## TASK REQUIREMENTS
For this exercise, write out the full listing that follows exactly and skip its pictures.

## DATA
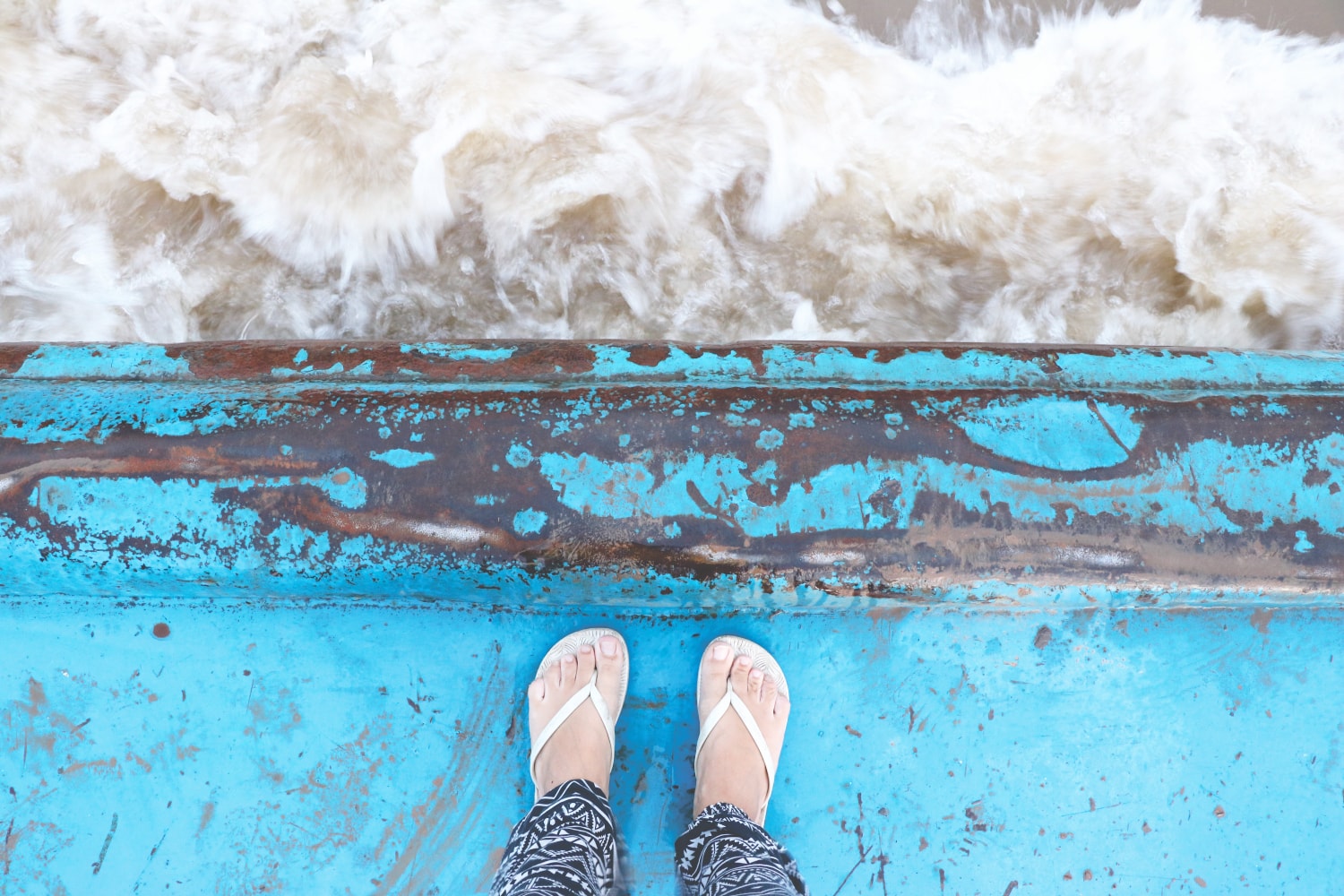 Mit dem Frachtschiff auf dem Fluss Mit dem Frachtschiff auf dem Fluss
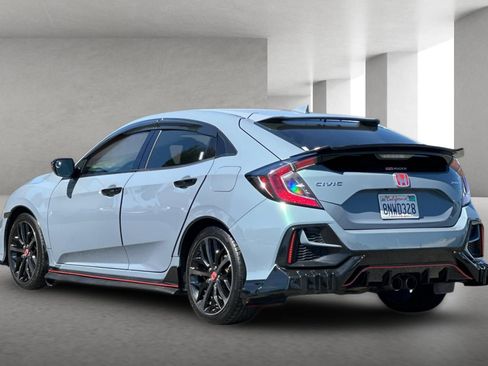Used 2020 Honda Civic Sport image 6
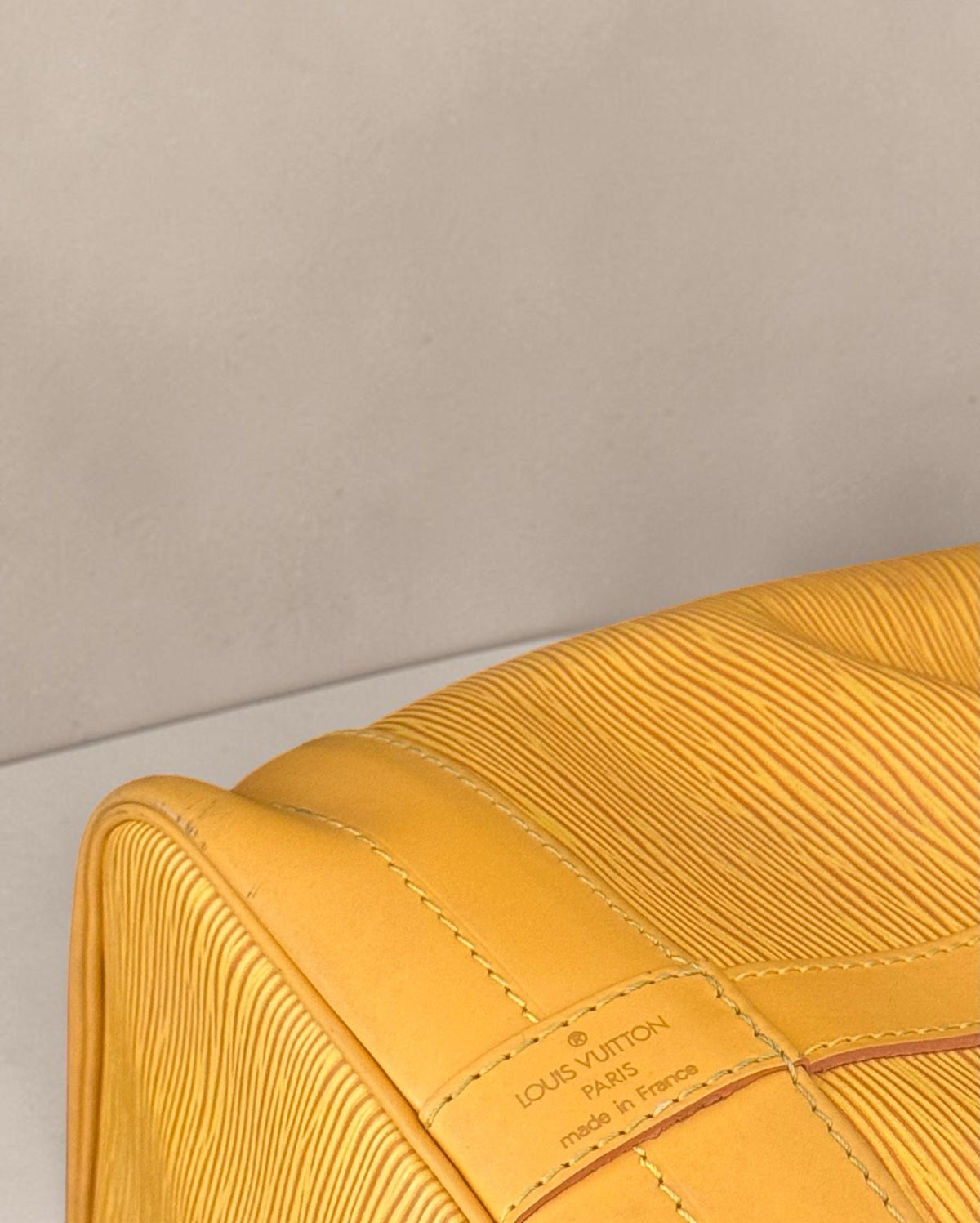 Louis Vuitton Noé GM Epi Moutarde - Detail 15 — view 15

## SOLVED PROBLEM
 Mit dem Frachtschiff auf dem Fluss Mit dem Frachtschiff auf dem Fluss
Used 2020 Honda Civic Sport image 6
 Louis Vuitton Noé GM Epi Moutarde - Detail 15 — view 15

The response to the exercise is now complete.